THE PROBLEM: Quote word for word from the line holding "Used 2021 Mercedes-Benz" to the last line below, including both, and omit any pictures.

DATA:
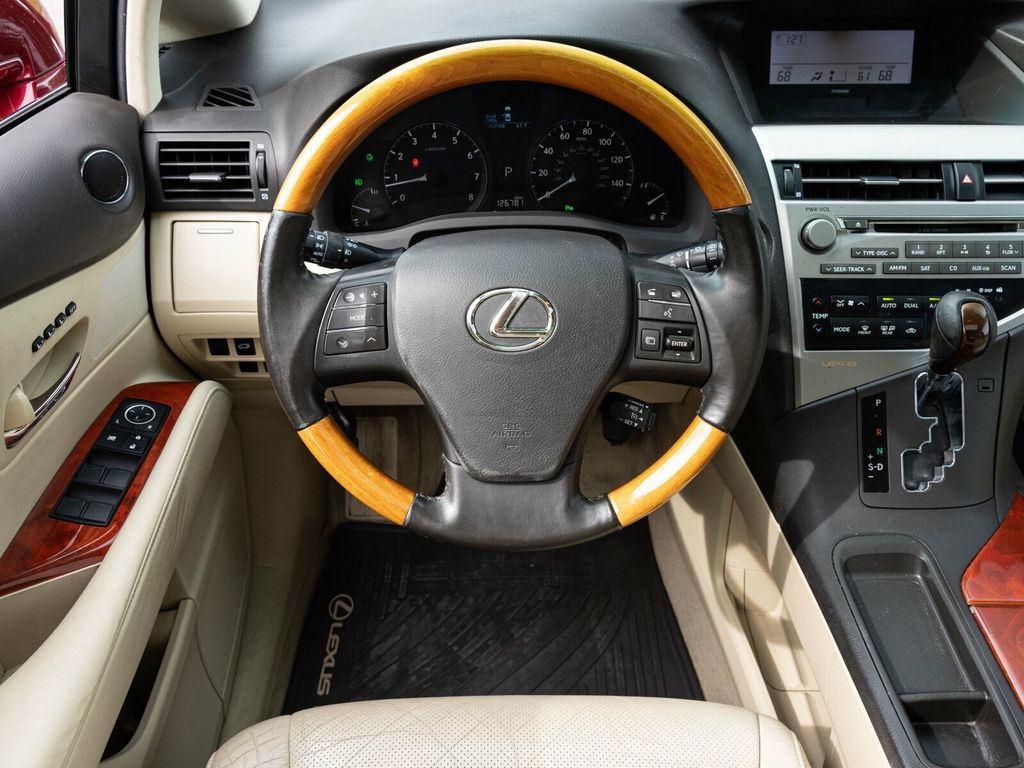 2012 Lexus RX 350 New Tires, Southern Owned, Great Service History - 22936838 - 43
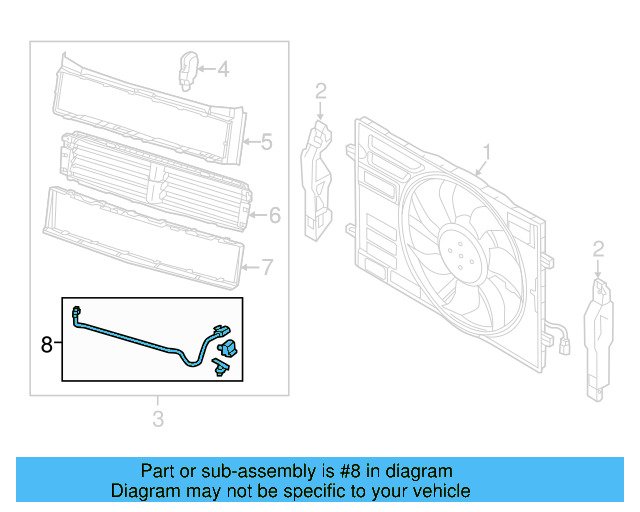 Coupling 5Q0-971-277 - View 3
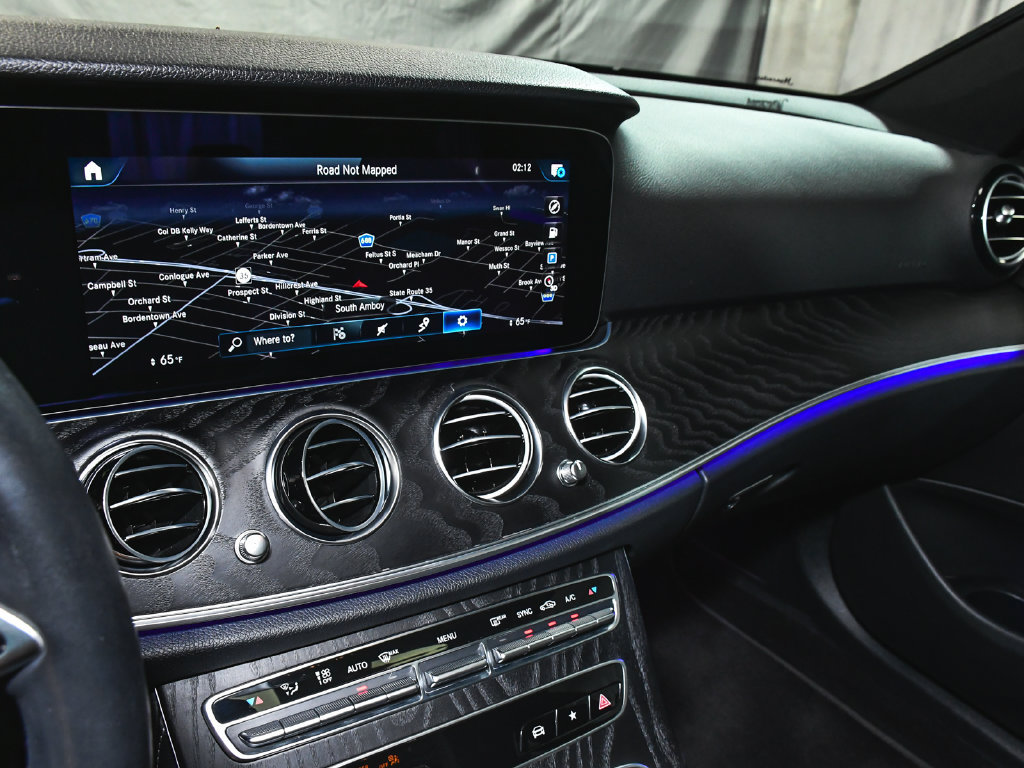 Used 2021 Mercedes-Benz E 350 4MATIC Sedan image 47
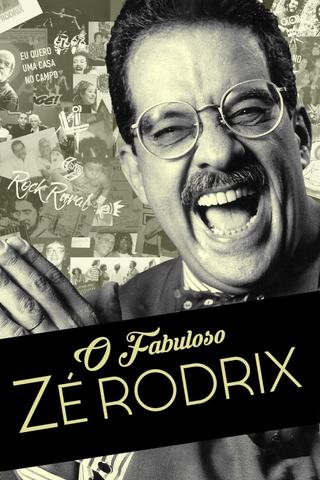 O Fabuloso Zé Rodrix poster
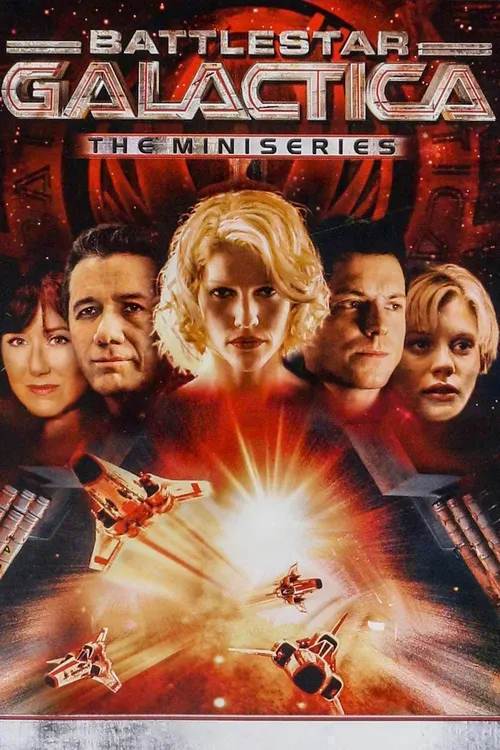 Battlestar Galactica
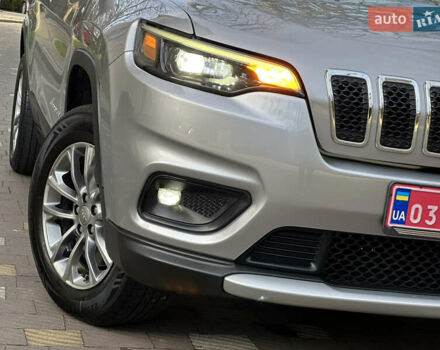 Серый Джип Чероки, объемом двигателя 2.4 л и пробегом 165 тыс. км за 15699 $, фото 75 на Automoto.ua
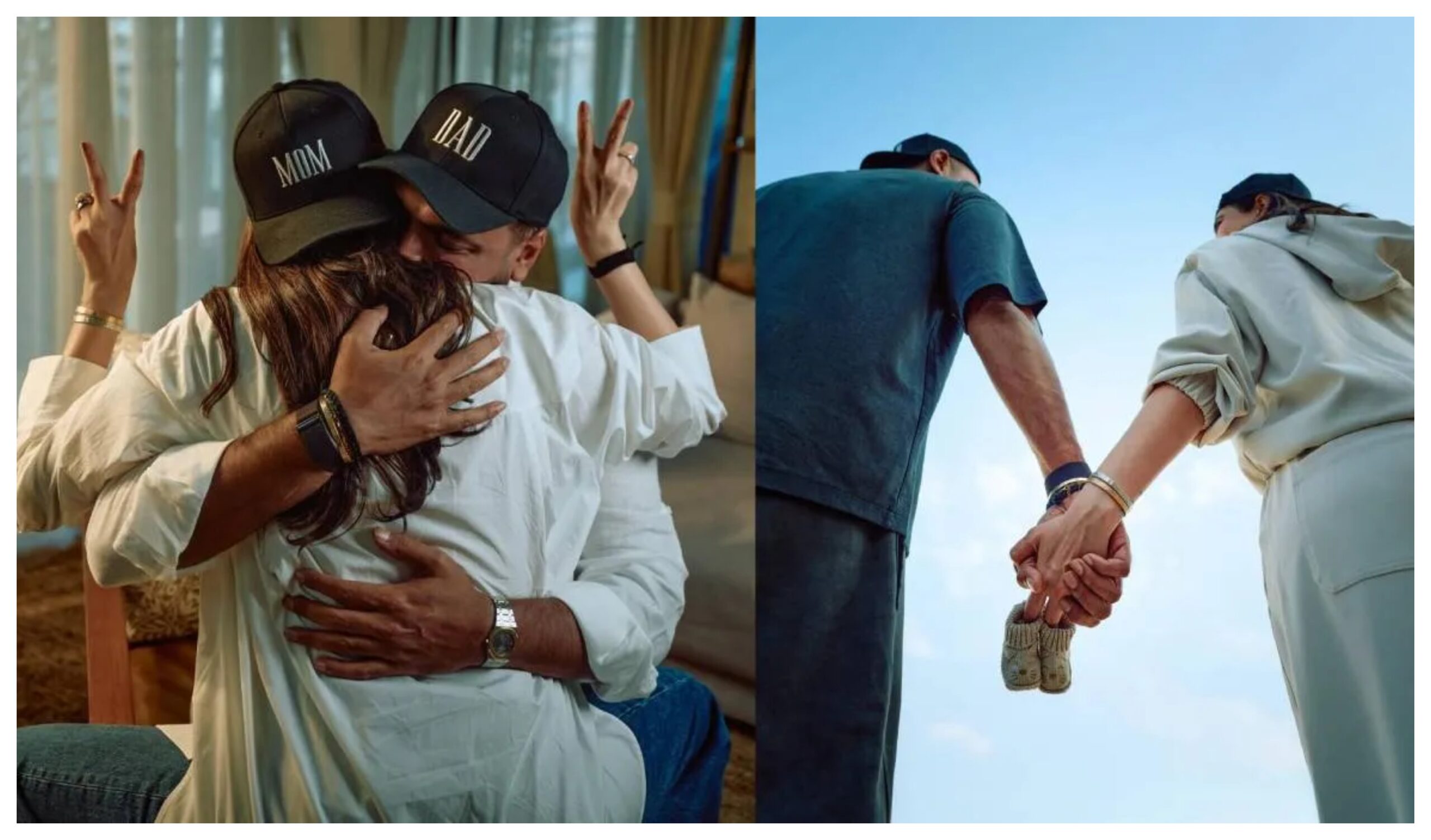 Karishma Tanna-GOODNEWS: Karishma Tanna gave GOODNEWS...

REPLY:
 Used 2021 Mercedes-Benz E 350 4MATIC Sedan image 47
 O Fabuloso Zé Rodrix poster
 Battlestar Galactica
 Серый Джип Чероки, объемом двигателя 2.4 л и пробегом 165 тыс. км за 15699 $, фото 75 на Automoto.ua
 Karishma Tanna-GOODNEWS: Karishma Tanna gave GOODNEWS...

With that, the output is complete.